Wolesi Jirga Elections: Afghan Voters Defy Violence to Cast Ballots

Wolsi Jirga Elections started on 20 October, 2018 and was extended amid delays, with some constituencies remaining open on Sunday. High participation of Afghan in Wolwesi Jirga elections defied deadly attacks to cast ballots in large numbers in the Afghan long due Wolesi Jirga elections. Although, there were several explosions targeting polling stations, with dozens of people killed or injured in scores of incidents across Afghanistan.
The Taliban and ISIS had repeatedly vowed to disrupt the Afghan Wolesi Jirga elections. And it already had taken the lives of 10 candidates in run up to the polls and took the at least 36 people in nearly 200 attacks, including 27 civilians, on the first day of elections and 11 people were killed in the second day of elections.
However, security was not the only issue in Afghanistan threatening the vote on the elections day. There were technical problems with new biometric voter registration and experts argue that the biometric devices did not lead to quick voting in Afghanistan. Further, past elections have been marred by corruption and fraud, with cases of ballot box stuffing, multiple voting and voter intimidation all documented across the country. However, according to the AIHRC, no serious electoral violations have been registered yet. But it has pointed out other the electoral violations e.g delay in opening the polling stations, delay in biometric system transfer to the polling stations, lack of  knowledge of biometric system, low quality inks, voting by underage and those whose names have not been on the list.
The Strong Message of the high turnout of the Afghan voters
Afghan voters strongly conveyed a clear message to all the terrorist groups that they will not let them win in the country. Many have termed this as an act of bravery to vote in Afghan elections. In many polling stations the crowds were even larger this time than past eledctions and the queue of male voters kept getting longer. However, turnout has been low in the insecure areas. 

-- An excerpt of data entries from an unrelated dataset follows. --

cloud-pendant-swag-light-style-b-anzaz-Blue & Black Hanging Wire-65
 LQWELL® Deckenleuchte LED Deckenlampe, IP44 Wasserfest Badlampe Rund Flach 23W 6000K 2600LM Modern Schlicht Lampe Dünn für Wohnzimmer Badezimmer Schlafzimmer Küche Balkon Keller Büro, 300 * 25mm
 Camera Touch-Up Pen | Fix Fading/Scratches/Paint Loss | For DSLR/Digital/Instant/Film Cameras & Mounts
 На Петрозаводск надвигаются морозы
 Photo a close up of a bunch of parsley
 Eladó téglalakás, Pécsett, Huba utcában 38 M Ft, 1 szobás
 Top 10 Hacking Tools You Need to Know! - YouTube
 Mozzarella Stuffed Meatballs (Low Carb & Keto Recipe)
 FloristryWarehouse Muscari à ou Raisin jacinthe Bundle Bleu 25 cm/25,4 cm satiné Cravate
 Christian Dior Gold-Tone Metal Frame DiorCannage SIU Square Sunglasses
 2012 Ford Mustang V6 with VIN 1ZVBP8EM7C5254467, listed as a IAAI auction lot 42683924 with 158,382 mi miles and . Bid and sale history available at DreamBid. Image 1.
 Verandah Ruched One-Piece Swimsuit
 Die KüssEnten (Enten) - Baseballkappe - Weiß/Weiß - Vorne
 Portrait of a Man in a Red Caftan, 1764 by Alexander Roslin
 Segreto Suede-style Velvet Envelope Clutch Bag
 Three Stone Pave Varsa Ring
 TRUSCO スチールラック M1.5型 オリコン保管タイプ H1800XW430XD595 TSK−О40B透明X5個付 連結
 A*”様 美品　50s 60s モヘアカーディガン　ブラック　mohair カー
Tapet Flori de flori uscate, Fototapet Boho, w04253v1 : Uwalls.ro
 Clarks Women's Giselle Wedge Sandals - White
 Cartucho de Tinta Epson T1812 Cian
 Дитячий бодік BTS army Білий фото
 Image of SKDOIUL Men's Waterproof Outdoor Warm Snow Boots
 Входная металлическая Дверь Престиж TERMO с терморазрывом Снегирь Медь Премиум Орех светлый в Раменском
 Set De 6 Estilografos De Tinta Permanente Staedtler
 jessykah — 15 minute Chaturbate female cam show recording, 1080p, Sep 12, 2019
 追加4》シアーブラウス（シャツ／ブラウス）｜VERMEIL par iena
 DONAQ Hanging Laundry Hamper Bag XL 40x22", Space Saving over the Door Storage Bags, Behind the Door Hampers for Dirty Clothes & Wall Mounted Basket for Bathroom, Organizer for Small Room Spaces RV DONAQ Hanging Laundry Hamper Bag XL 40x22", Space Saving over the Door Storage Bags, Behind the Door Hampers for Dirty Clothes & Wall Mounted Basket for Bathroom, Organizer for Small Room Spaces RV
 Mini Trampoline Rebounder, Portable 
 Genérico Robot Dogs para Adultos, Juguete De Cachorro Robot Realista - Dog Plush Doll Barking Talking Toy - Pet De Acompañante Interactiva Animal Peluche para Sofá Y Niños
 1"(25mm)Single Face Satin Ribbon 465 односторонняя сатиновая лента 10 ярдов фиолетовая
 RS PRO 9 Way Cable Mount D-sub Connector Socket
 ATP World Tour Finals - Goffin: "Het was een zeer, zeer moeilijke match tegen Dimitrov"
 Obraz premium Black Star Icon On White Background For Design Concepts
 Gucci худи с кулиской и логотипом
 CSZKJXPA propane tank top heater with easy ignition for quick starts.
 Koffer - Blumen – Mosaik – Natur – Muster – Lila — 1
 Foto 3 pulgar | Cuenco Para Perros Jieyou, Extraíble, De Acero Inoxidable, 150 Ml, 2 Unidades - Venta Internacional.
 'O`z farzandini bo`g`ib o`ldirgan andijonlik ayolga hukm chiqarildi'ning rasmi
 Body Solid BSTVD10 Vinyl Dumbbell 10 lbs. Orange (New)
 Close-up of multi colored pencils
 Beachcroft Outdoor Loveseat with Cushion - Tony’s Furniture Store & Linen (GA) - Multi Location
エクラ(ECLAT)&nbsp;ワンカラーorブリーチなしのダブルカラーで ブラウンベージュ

Anyhow, considering the volatile security conditions in the country, many believe even conducting this election is an achievement: It showed that Afghan officials and security forces can do it, and to usher in a more legitimate parliament to replace a discredited assembly and pushing to move toward presidential elections in 2019 and Taliban peace talks.
Why do Afghan elections matter for the Afghans and the International Community?
For most Afghans who lokking for a better life, jobs, education and an end to the war with the Taliban, the Wolesi Jirga elections seem as strategic means to ensure them.
And for the country’s foreign partners, seeing a flourishing democracy would be the return they’re seeking after many years of investment, billions of dollars spent and thousands of lives lost in more than a decade of fighting in Afghanistan. So, they seriously backed up holding the Wolesi Jirga elections and urged the Afghan government to conduct it in a transparent, fair, free and credible manner.
However, this election has been seen as a key test ahead of the all-important presidential elections due in April 2019.  The overall support of the international community, high peoples’ turn out and overall relative good security are the strong points of Wolesi Jirga elections; while weak electoral management by IEC and lack of knowledge about how to use the biometric system, lack of on time delivery of the electoral materials and lack of on time presence of electoral workers and officials in the polling stations have been the most outstanding weakness of it that require to be addressed properly in the coming presidential elections due next year.